This notebook requires Python 3 and Tensorflow version >= 1.4

In [None]:
import tensorflow as tf
import os
from tensorflow.python.ops import lookup_ops

Replace `DATA_DIR` with folder where you downloaded the data. You can replace `sample.en` with `train.en`

In [None]:
DATA_DIR = '.'
sentences_file = os.path.join(DATA_DIR, 'sample.en')
vocab_file = os.path.join(DATA_DIR, 'vocab.en')

This creates dataset, and further creates an iterator. Note this can only be **executed** inside a session

In [None]:
#lookup table, converts a token to integer. By default returns token at first line of `vocab.en`
#Requires to be initialized using tf.tables_initializer inside a session.
vocab_table = lookup_ops.index_table_from_file(vocab_file, default_value=0)

#Creates a dataset which retruns a single sentence
dataset = tf.data.TextLineDataset(sentences_file)

#Converts each sentence to a list of tokens
dataset = dataset.map(lambda sentence: tf.string_split([sentence]).values)

#Converts list of tokens to list of token integers
dataset = dataset.map(lambda words: vocab_table.lookup(words))

#Adds length of sentence (number of tokens)
dataset = dataset.map(lambda words: (words, tf.size(words)))

#Convert to a batch of size 32. Padded batch appends 0 for shorter sentences.
dataset = dataset.padded_batch(batch_size=32, padded_shapes=(tf.TensorShape([None]), tf.TensorShape([])))

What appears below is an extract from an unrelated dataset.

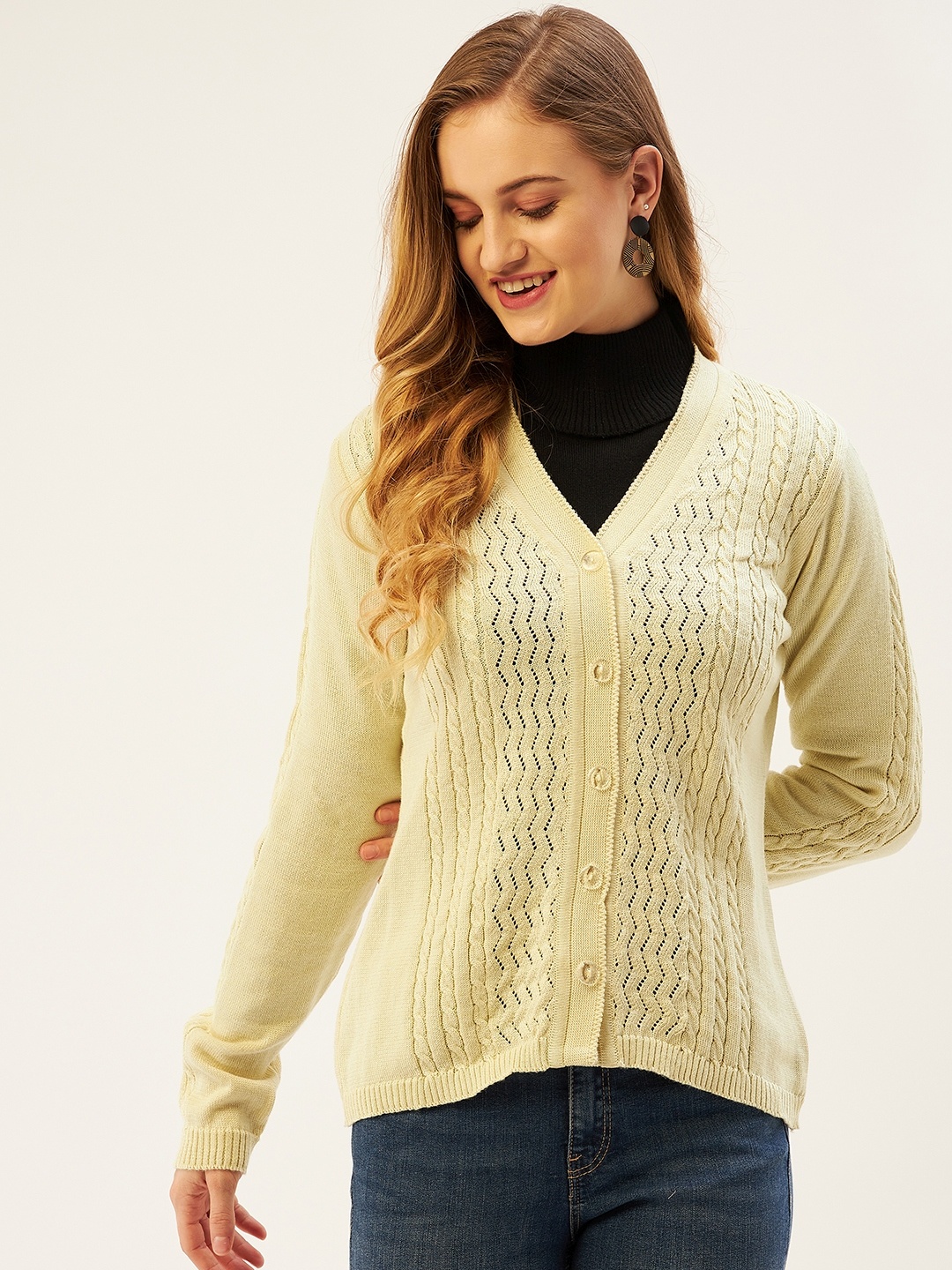 

American Eye Women Cream-Coloured Cable Knit Cardigan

# Dataset iterator. Needs to be initialized
iterator = dataset.make_initializable_iterator()

In [None]:
with tf.Session() as sess:
    #Iterator needs to be initialized
    sess.run(iterator.initializer)
    
    #This is required for our lookup table
    sess.run(tf.tables_initializer())
    
    sentences = sess.run(iterator.get_next())
    print ('Num Sentences: %d Shape[txt]: %s Shape[len]: %s'%(len(sentences[0]), sentences[0].shape, sentences[1].shape))
    print ('S[%d]:%s Length:%d\n'%(1, sentences[0][1], sentences[1][1]))
    print ('S[%d]:%s Length:%d'%(14, sentences[0][14], sentences[1][14]))

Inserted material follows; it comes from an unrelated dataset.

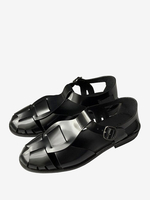 Sandali piatti da donna Sandali casual in pelle PU con fibbia rotonda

Notice that shape of tokens part is **32x50** (`batch_size` x maximum tokens in the batch). Shape of length is **32** (one per element of batch). Also sentence 14 has length 30. The remaining portion is padded with 0.

What is the maximum sentence length for the next batch?

In [None]:
with tf.Session() as sess:
    sess.run(iterator.initializer)
    sess.run(tf.tables_initializer())
    
    sentences = sess.run(iterator.get_next())
    sentences = sess.run(iterator.get_next())
    print ('Num Sentences: %d Shape[txt]: %s Shape[len]: %s'%(len(sentences[0]), sentences[0].shape, sentences[1].shape))
    print ('S[%d]:%s Length:%d\n'%(1, sentences[0][1], sentences[1][1]))
    print ('S[%d]:%s Length:%d'%(14, sentences[0][14], sentences[1][14]))

Notice that shape of tokens part is **32x40**. Thus, maximum length for the second batch is 40.